Les scientifiques et les philosophes tentent de résoudre certains des mystères de la vie, mais échouent lorsqu’ils atteignent les limites de la raison et la collecte et l’évaluation de la preuve empirique. Comme démontré dans le Journal précédent, les scientifiques ne peuvent même pas déterminer ce qu’est la conscience, parce que ce n’est pas un objet. Par contre, les chercheurs développent une meilleure compréhension en suivant les pas des mystiques.
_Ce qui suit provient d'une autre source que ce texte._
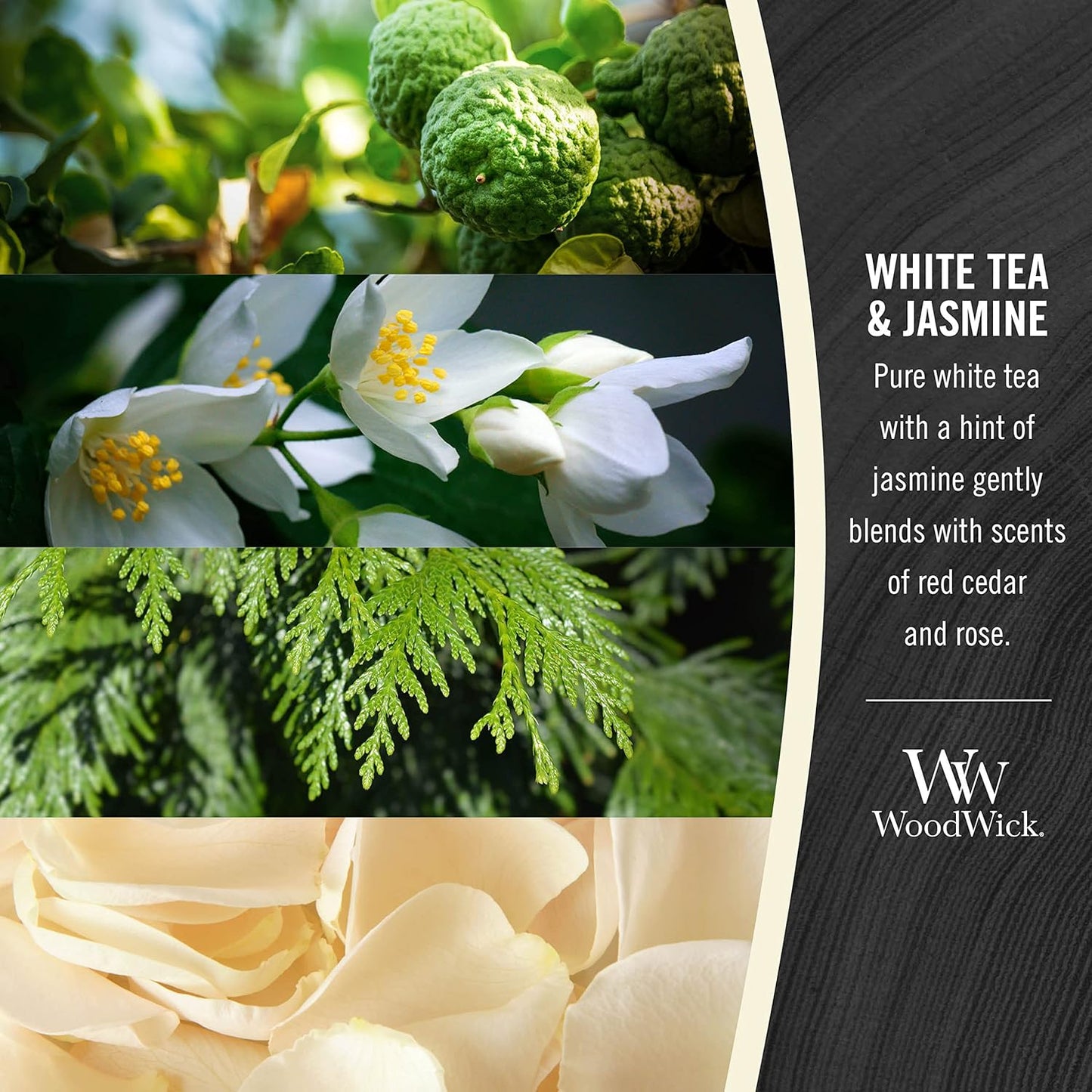WoodWick Medium Hourglass Candle - White Tea & Jasmine Scent | 9.7oz, Crackling Burn, Perfect for Gifting (Pack of 4)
Parfois, lorsque l’on parle de mystère, on fait référence à "l’obscurcissement" dans les poèmes des Siddhas du Yoga, comme le Tirumandiram. Dans ces écrits, ainsi que dans la littérature du Shivaïsme du Cachemire, l’obscurcissement est l’une des cinq actions de Shiva. Celles-ci sont la création, la préservation ou stabilité, la dissolution, l’obscurcissement et la grâce. De la perspective cosmique ou métaphysique, le Seigneur crée un corps physique dans lequel toutes les âmes peuvent faire l’expérience des conséquences de leur karma, bonnes ou mauvaises. Le Seigneur maintient le corps pour un temps et préserve certaines relations intimes, incluant la famille et les amis, afin que l’âme puisse s’assagir au travers des leçons de vie. Le Seigneur dissout le corps physique, les relations et les situations, lorsque des nouveaux sont nécessaires pour l’évolution de l’âme ou que le karma l’exige. Le Seigneur crée l’obscurcissement afin que l’âme recherche avec diligence la vérité au-delà des plaisirs et des douleurs éphémères de la vie, acquérant ainsi la sagesse, la réalisation du Soi et l’éveil de l’unité dans la diversité. La grâce du Seigneur, la cinquième action, est imprégnée dans les quatre autres actions, et soutient l’âme dans son cheminement vers la réalisation de l’unité ou la non-dualité. Comme Tirumular, l’auteur du Tirumandiram, l’a dit : "Ils ne sont pas deux", faisant référence à Shiva, le Seigneur, et les jivas individuels, ou âmes.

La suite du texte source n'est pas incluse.